We love to make lavash crackers, they are fun, fairly easy, and you can use them for appetizers like this one. This is very simply just two of our own crackers with a falafel, homemade pesto, and sprinkled with smoked paprika. We had this around midnight while watching the episode of Lost where Locke stops the islands time-switches. It was an on-the-spur of the moment little snack we just improvised with what was available, but it turned our really good. In fact, we’re now considering if these may be worth serving at our wedding reception in April (Yeah, we’re getting married). Well done Locke, we salute you with falafel !
Sure, it looks inconspicuous, but this little thing will burn you up. Don’t make this unless you have a high tolerance for hot spices, or substitute the chili jam for something of a more moderate taste.
After making a fantastic tuna sandwich, we made a few variations of tuna appetizers the next day. This is one of them, and it’s great. When working with tuna, be very careful not to overpower the subtle taste. We added a very mild Saint Faron cheese as a spread almost, and topped it with a small amount of balsamic vinegar reduction. Notice how the vinegar brings out the texture of the tuna in the pictures. This is a bite of food heaven.
For Christmas 2007, Wendie bought me a torch – one of those you use in making desserts such as creme brulee. I had seen one on TV and I wanted it desperately. When I got it, I started manically torching everything, hoping to discover new uses and develop new dishes. As it turned out, most things don’t do well being torched. Roast beef… not so good. Vegetables…nope. Cornflakes… wouldn’t recommend it. The one thing that actually has its moments is cheese.
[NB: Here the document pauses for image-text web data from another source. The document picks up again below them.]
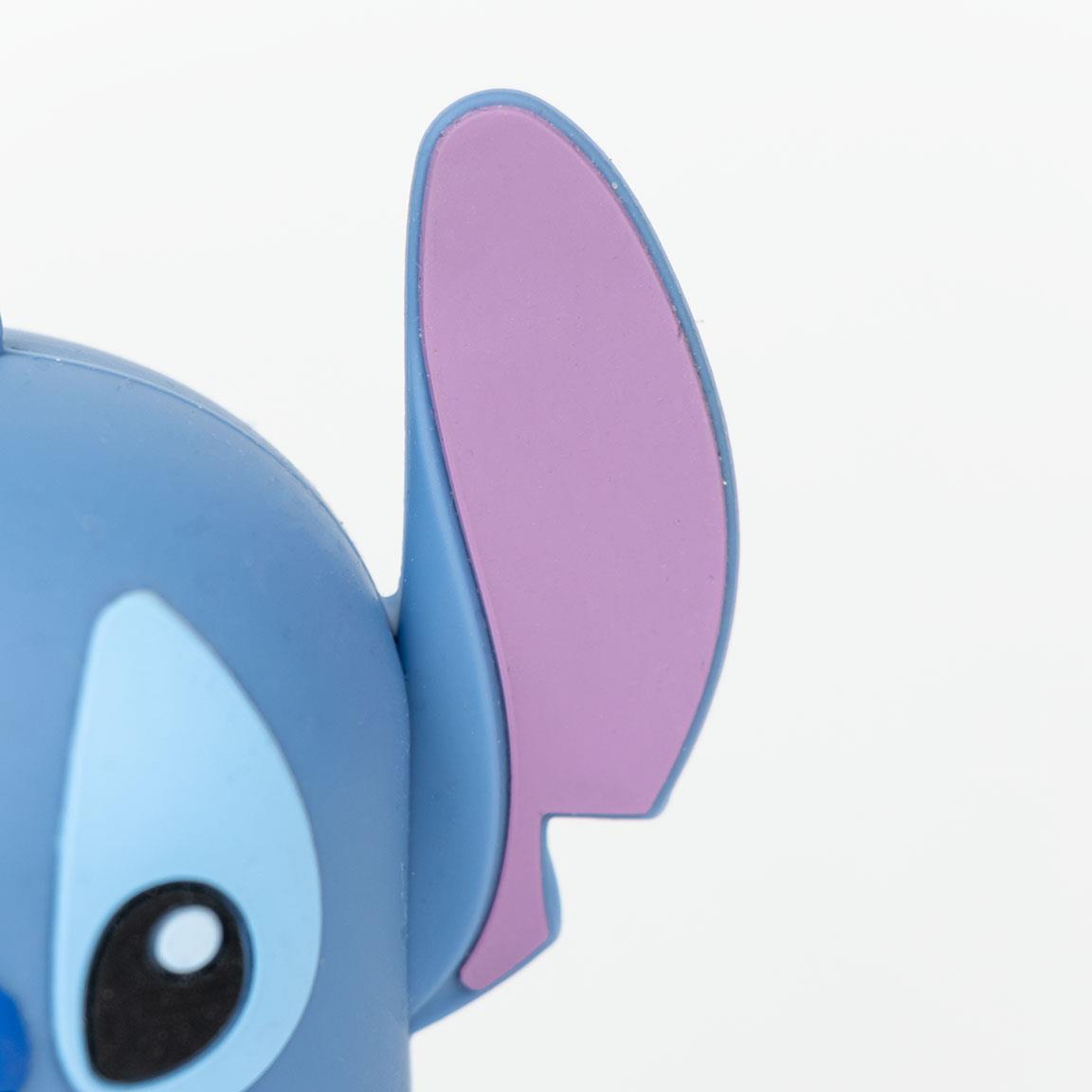 Close-up of a blue toy figure with large purple ear and black eye, featuring a minimalist design.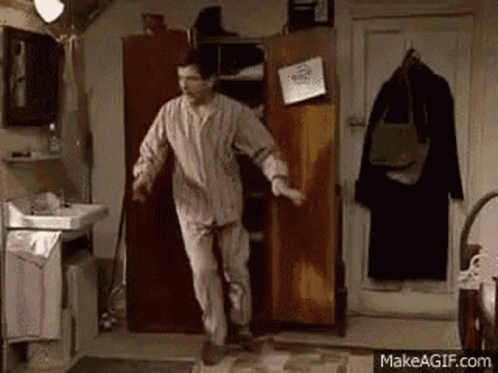Man In Pajamas Jumping GIF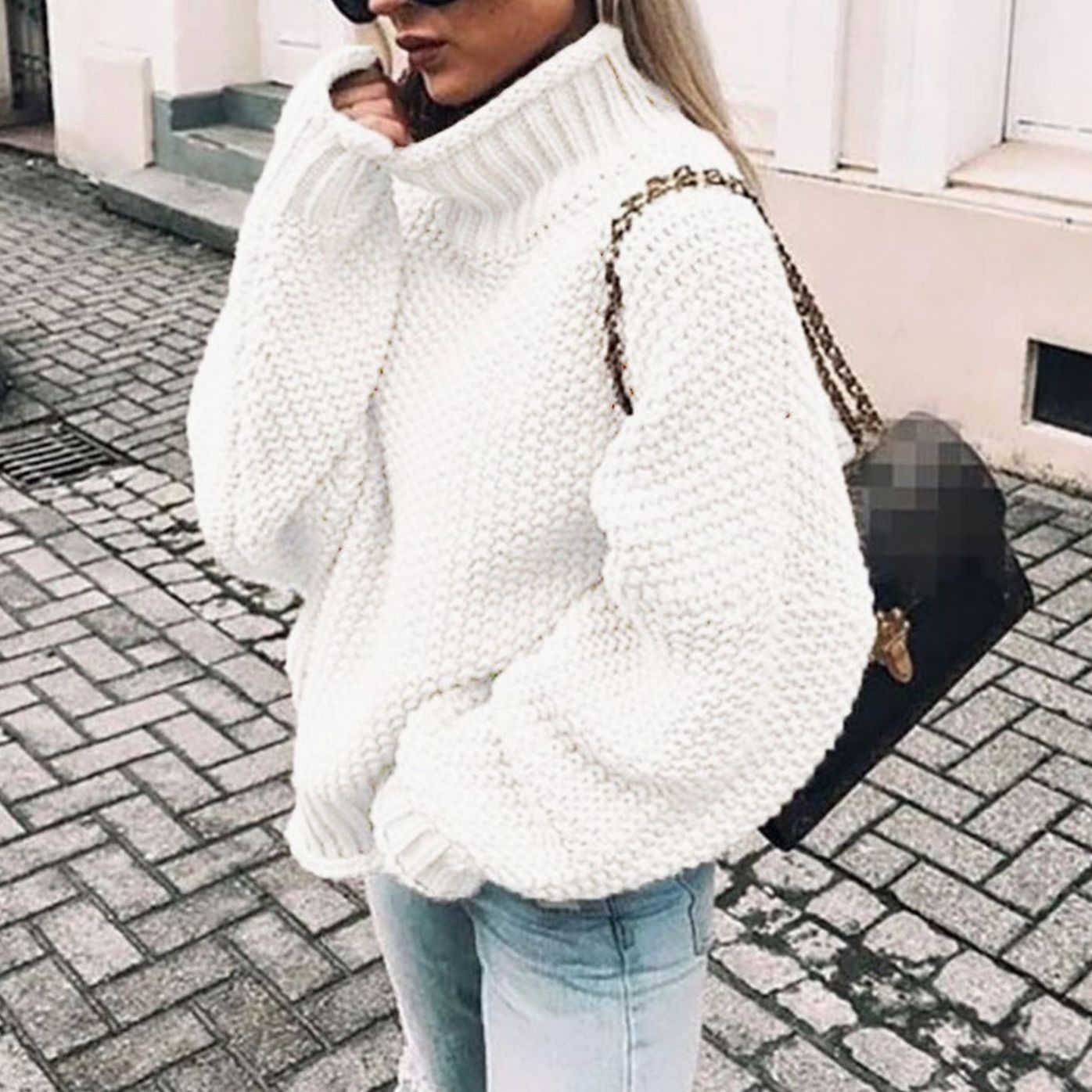 Woman wearing an oversized chunky knit turtleneck sweater with a relaxed fit and ribbed collar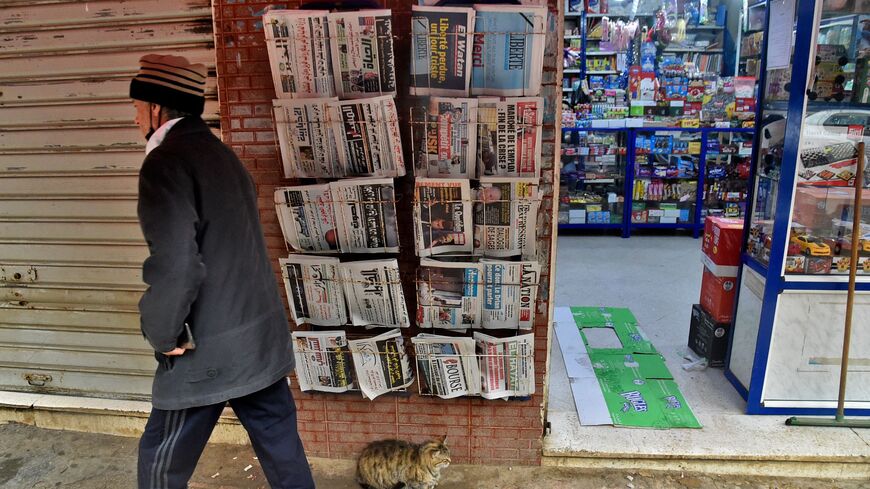 A man walks past a French-language daily newspaper stand displaying the final issue of Algerian French-language daily newspaper "Liberté" in Algeria's capital Algiers on April 14, 2022. (Photo by RYAD KRAMDI/AFP via Getty Images)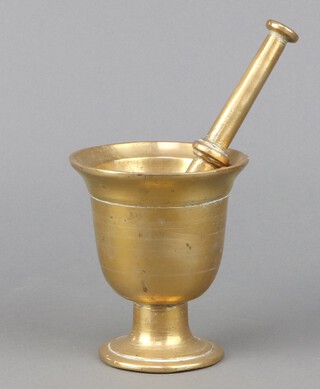 A 19th Century bell metal mortar and pestle 13cm x 11cm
With the torch I can melt the surface of the cheese, and when biting into it you get a a feeling of warmth on your upper lip, while the rest of the bite is cold. Not entirely unpleasant. For a cheese sandwich, this requires a huge amount of torching action, due to the surface that needs to be melted, but for appetizers it works. After two years I still haven’t made creme brulee, but I’ve managed to construct this appetizer, which in my opinion is perfect for all those torches out there collecting dust. Enjoy.
After a week of large, fun, great sandwiches, we thought it was time to scale back to something simple. This is a cracker, with homemade yogurt cheese, and sliced red bell pepper. It doesn’t get much simpler when it comes to food than this, plus this is a great appetizer for parties or get-togethers’. If you are making the yogurt cheese yourself, then remember to start the day before.
When all you want is a quick snack, this is a tasty in-between meals treat. The yogurt cheese and the capers make a nice pairing for the smoked salmon, and that’s really all there is to it. Very easy to make if you are hosting a party, or have friends dropping by, as long as you have prepared the yogurt for the yogurt cheese the day before.
There are times when a full sandwich is too much, and no sandwich is too little. Thankfully, for those times there are appetizers such as this. To justify adding this to the blog, I call it a ‘cracker sandwich’ (For which I received a scowl from my fellow sandwich maker). Anyway, the Saint Faron is a cheese we got at Costco this weekend. It’s very mild (So make sure to enjoy it at room temperature), and brags being a ‘French Triple Crème Cow’s Milk Cheese’. At the risk of being labelled uneducated, what is ‘triple crème‘ exactly? I mean, does it come from three different cows? Can I have their names? Someone explain this to me.
Hungry for a snack, I found some cilantro lime shrimp from Costco in the fridge, along with a bit of smoked salmon. In about 1 minute I had created this little post-lunch cracker, which would also work great as an appetizer for a party. The cracker used here is a water cracker, but I think I would prefer something a little more rustic next time.
Don’t be intimidated by the length of this lavash cracker recipe, or the ingredient list. The process is a bit involved and definitely requires more time than a sandwich but the effort is well worth it. With a little attention, even novice bakers will be able to make this a staple in their pantries. Add the spices and seeds you like, and make it your own creation.